First Impressions of VoltDB

VoltDB is an intriguing competitor in the quickly developing field of data store alternatives. Answering the charge of NoSQL supporters that “OldSQL” is simply too slow to scale effectively to meet the demands of high transaction applications, VoltDB seeks to demonstrate that it is neither SQL nor the Relational Model that is at fault, but the antiquated disk-centric architecture of the venerable relational database management systems (RDBMS).

VoltDB is a natively partitioned (sharded), single threaded, memory resident data store. Other RDBMS implement sharding to allow for distributed data storage across commodity hardware. However, VoltDB was written with this principle as the basis of the architecture. Sharding in other RDBMS often must be implemented as part of the application stack and presents onerous maintenance hazards (such as managing backups and restores). In recent versions, MySQL has added partitioning abstraction to the product and many organizations have experienced success with MySQL sharding. I can’t speak to how VoltDB compares, but certainly MySQL was not designed with partitioning as a fundamental principle. Regardless, the VoltDB implementation effectively and cleanly abstracts the details of partitioning from the application tiers.

But the most important differentiator is that VoltDB is entirely memory resident. All of the mechanisms that traditional RDBMS rely on to function in a disk-centric architecture have been discarded in the name of performance. This simple and instructive graphic demonstrates how VoltDB rethinks storing relational data.

In addition, VoltDB rejects concurrency in favor of single threaded transactions, thereby eliminating costly locking. As a result VoltDB can measure throughput in hundreds of thousands of transactions per second, a truly astonishing accomplishment.

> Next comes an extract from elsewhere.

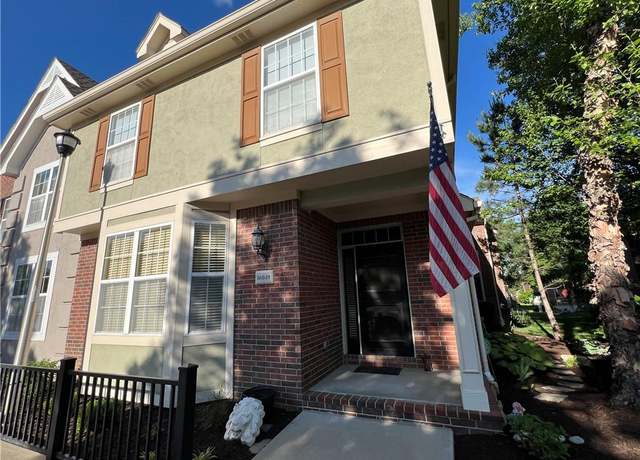 Property at 16049 S Brookfield St, Olathe, KS 66062, 3 beds, 2.5 baths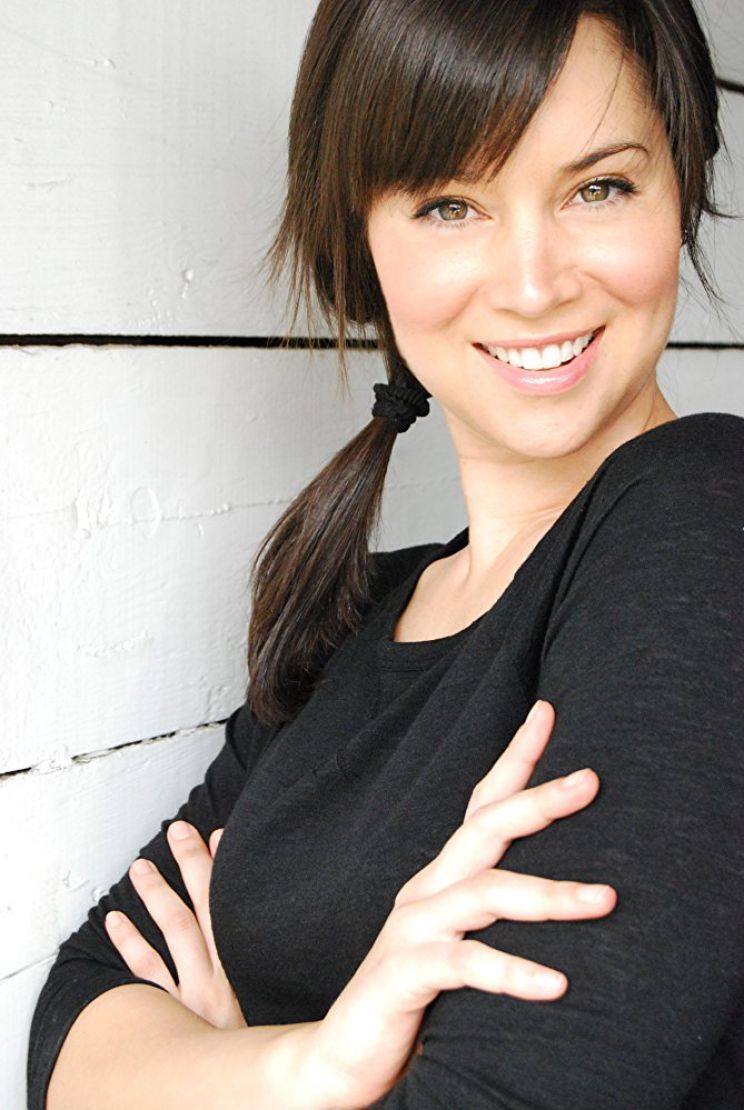 Shannon Esra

Even though common performance issues of relational data stores are addressed by VoltDB, NoSQL solutions can still rightly claim that it does nothing to solve the impedance mismatch that software developers have spent so much time trying to work around. Certainly, in time, ORMs will be developed which will greatly ease the pain developers experience. Until someone is able to make the translation as seamless as, say, working with the excellent MongoDB, this will remain a legitimate complaint and an impediment to adoption. However, VoltDB’s response to this should be, “yes, some NoSQL stores speak your language better than VoltDB, but look at what you are giving up!” Losing ad-hoc querying, transactional consistency (ACID), a standardized data access convention (ANSI SQL) and the data integrity promoted by the relational model are a huge price to pay. And as Dr. David DeWitt rightly asked in his presentation to the PASS Summit 2010, “why would you want to write your own query optimizer?” On-Demand Recording (signup required) .

This brings us to what I see are the greatest drawbacks to VoltDB. Currently, only a very limited subset of SQL is actually supported, which takes some of the effectiveness out of the ad-hoc query argument. No doubt this will improve over time, but remains a challenge at this point. Additionally, due to architectural constraints, VoltDB can only loosely call itself ‘relational.’ The lack of foreign key and check constraints are worrisome. The responsibility for maintaining data integrity in this way is pushed to the app, just like in NoSQL solutions. I see no reason why check constraints, at least in limited form, could not be supported, but enforcing foreign key constraints across partitions is a key architectural problem.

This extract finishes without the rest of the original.